The software is designed to be compatible with X-Particles, Insydium’s particles and physics plugin.

Blender’s powerful Cycles renderer – directly inside Cinema 4D
We’ve written about Cycles 4D a number of times while it was in development, but Insydium now has a fuller feature list on its website, so we thought it was worth a separate story.

Insydium describes the software as a “bridge plugin allowing Cinema 4D users to access the Cycles rendering engine directly inside Cinema 4D without the need for an external application”.

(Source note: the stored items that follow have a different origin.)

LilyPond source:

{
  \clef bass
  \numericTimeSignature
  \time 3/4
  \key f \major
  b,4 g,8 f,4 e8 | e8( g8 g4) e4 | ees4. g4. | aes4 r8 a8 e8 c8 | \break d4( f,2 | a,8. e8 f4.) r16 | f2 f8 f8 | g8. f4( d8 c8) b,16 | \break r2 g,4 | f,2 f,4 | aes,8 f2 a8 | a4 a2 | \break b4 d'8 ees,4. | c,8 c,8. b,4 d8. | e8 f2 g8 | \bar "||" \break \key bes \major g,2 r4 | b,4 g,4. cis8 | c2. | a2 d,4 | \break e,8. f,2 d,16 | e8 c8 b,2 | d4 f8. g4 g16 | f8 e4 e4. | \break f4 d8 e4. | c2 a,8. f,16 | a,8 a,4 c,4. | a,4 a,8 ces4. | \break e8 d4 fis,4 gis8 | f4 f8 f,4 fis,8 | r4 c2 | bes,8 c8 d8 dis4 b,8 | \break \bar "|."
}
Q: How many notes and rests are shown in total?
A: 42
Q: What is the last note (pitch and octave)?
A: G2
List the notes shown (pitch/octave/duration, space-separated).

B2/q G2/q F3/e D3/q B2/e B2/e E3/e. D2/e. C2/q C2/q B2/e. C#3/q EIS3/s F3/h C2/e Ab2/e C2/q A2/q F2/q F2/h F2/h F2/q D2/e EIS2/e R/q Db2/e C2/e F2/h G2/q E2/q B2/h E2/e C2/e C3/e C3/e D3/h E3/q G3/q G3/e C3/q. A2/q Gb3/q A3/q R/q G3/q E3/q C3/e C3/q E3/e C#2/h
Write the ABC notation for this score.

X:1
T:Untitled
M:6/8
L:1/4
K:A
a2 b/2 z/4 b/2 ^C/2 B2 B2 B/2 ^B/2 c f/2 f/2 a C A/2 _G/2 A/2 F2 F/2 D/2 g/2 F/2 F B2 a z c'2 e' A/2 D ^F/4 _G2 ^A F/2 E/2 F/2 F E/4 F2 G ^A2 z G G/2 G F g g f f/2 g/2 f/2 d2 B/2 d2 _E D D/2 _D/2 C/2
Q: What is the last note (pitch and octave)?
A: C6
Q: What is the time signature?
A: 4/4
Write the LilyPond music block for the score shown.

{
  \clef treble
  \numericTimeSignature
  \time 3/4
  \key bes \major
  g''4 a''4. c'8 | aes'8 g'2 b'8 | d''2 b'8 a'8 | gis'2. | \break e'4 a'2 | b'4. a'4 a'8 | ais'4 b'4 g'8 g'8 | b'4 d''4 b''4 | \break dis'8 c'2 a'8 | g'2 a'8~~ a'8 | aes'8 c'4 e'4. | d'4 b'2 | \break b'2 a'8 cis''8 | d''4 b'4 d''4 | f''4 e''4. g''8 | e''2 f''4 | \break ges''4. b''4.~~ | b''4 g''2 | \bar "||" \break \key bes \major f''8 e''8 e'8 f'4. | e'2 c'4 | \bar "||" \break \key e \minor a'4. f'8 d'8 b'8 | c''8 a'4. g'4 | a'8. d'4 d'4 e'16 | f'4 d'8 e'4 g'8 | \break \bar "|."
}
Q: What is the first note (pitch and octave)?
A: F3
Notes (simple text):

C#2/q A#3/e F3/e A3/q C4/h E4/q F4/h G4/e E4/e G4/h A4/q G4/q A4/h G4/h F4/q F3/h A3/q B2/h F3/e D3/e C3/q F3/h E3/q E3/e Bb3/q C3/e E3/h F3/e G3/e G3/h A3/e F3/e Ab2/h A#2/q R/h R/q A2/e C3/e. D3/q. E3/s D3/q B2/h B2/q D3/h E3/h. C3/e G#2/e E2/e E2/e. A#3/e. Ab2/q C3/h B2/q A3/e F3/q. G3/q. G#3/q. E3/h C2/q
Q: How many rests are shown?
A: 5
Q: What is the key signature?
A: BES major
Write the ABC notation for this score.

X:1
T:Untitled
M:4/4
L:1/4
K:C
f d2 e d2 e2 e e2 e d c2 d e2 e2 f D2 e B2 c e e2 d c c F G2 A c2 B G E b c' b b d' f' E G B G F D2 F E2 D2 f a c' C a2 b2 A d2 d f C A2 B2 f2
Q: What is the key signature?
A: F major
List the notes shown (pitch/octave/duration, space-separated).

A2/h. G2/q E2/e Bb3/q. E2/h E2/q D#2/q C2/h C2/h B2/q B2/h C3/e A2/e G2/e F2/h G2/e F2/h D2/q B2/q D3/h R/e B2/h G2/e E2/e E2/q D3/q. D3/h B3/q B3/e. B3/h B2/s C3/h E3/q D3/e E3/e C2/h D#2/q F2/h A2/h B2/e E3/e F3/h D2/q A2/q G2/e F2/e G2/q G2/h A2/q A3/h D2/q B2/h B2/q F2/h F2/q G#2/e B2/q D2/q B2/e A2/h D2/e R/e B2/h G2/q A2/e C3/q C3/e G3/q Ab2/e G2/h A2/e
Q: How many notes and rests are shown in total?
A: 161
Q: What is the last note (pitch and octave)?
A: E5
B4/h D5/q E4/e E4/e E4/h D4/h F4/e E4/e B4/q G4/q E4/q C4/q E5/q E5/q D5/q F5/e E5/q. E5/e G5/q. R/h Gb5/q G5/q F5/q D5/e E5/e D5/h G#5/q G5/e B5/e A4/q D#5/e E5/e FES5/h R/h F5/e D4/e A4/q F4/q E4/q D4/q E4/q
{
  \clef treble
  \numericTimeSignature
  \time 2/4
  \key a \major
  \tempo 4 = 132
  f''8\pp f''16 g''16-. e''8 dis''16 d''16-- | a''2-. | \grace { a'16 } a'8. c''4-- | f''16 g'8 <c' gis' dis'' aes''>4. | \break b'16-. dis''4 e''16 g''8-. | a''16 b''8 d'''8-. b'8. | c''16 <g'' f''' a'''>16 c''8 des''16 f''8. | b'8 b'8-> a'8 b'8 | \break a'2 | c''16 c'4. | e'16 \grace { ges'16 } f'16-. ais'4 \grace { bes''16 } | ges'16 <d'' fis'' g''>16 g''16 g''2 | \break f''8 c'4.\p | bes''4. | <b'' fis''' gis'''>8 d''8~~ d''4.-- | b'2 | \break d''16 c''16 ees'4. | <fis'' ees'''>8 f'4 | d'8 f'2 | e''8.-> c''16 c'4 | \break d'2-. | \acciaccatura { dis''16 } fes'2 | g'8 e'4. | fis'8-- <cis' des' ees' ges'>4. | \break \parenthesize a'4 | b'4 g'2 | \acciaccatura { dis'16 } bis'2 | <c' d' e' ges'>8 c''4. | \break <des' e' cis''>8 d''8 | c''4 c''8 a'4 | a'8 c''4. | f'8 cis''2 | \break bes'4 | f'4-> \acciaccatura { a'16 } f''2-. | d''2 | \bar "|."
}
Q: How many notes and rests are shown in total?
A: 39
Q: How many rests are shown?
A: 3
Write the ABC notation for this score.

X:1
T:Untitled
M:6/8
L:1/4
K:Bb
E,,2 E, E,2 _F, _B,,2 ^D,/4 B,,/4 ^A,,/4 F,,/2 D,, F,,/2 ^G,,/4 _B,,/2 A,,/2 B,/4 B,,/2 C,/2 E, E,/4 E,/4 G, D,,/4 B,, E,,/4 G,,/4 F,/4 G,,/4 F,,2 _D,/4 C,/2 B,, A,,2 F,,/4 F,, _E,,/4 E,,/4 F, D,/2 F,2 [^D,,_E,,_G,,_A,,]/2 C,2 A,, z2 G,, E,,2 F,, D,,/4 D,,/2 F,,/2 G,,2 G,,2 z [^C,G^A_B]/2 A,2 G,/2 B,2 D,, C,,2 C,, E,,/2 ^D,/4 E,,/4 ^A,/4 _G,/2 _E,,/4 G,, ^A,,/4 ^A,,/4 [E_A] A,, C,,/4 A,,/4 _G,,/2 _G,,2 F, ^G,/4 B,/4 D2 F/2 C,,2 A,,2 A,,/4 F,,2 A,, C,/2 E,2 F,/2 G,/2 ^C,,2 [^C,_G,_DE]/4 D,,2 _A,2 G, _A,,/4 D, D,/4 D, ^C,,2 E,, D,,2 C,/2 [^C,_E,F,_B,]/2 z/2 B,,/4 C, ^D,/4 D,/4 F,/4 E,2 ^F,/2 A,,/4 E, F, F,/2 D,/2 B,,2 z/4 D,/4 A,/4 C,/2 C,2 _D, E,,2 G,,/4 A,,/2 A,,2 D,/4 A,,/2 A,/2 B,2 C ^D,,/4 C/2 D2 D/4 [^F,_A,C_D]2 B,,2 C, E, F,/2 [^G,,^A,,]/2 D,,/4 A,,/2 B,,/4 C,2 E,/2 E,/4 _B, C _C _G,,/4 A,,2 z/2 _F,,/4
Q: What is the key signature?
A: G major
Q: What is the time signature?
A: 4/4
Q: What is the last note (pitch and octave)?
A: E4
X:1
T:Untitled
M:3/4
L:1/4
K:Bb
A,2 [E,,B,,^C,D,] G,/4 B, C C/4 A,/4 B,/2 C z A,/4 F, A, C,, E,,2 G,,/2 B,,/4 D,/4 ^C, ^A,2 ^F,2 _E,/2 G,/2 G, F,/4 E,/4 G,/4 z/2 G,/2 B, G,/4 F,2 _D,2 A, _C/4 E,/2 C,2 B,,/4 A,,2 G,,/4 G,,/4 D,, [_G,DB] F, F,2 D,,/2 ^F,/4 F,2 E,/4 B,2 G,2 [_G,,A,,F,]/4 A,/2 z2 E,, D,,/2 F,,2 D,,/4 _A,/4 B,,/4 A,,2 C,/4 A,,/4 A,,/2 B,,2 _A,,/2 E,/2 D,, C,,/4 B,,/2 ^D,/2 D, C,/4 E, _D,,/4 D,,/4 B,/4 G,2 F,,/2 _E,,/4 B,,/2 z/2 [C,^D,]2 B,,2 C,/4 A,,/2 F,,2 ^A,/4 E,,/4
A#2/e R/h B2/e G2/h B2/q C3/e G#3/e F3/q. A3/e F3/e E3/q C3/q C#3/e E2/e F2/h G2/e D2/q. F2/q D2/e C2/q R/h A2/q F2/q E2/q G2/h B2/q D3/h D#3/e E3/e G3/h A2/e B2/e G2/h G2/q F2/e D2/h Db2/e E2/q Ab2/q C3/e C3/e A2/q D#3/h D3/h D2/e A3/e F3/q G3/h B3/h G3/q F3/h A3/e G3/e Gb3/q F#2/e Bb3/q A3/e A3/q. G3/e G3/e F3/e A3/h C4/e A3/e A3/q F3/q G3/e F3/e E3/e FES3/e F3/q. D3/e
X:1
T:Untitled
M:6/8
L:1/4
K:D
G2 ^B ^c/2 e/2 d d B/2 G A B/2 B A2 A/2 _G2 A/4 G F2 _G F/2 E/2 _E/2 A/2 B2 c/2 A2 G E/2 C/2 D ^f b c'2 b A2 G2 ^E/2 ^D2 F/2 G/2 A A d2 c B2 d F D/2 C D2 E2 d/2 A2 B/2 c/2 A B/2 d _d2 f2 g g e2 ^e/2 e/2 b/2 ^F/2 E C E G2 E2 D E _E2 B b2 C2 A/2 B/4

It’s capable of a range of rendering effects, including SSS, microdisplacement, motion blur and depth of field, and is compatible with Cinema 4D’s native hair and Mograph systems, and with volumetrics.

As well as final-frame rendering, Cycles 4D provides an interactive Real-Time Preview window, making it possible to see the effect of changes to a scene in real time.

Comes with its own node-based material system
Unlike the standard Cinema 4D Material Editor, Cycles 4D’s material system is node-based, but is described by Insydium as working and feeling “like an extension of Cinema 4D”.

While that means that Cycles 4D isn’t compatible with standard Cinema 4D materials, it comes with its own presets. There is also an add-on set of 250 readymade materials, which will be free until January 2017.

Material setup also works in the same way as in Blender. According to Insydium founder Mike Batchelor, it should be possible to “follow any Blender Cycles tutorials 1:1 in Cycles 4D”.

Plays nicely with X-Particles
The software is also designed to be compatible with X-Particles, Insydium’s popular Cinema 4D particle and physics system, with key X-Particles properties accessible from within the Cycles 4D node graph.

You can see a range of examples on the software’s product page, covering particles, trails, smoke and fire simulations, and X-Particles’ Skinner Object.

Pricing and availability
Cycles 4D is available now for Cinema 4D R16 and above, running on Windows 7+ or Mac OSX 10.7.5+.

It supports both CUDA and OpenCL, so you should be able to use both Nvidia and AMD GPUs, although as with the Blender version of Cycles, OpenCL support is patchy.

Full licences of Cycles 4D cost £185 (around $237), including one year’s support and updates and three render nodes; additional nodes cost £60 ($77). Both prices exclude tax.

To use it with X-Particles, you’ll need to be running X-Particles 3.5; X-Particles 3.5 users get a 15% discount.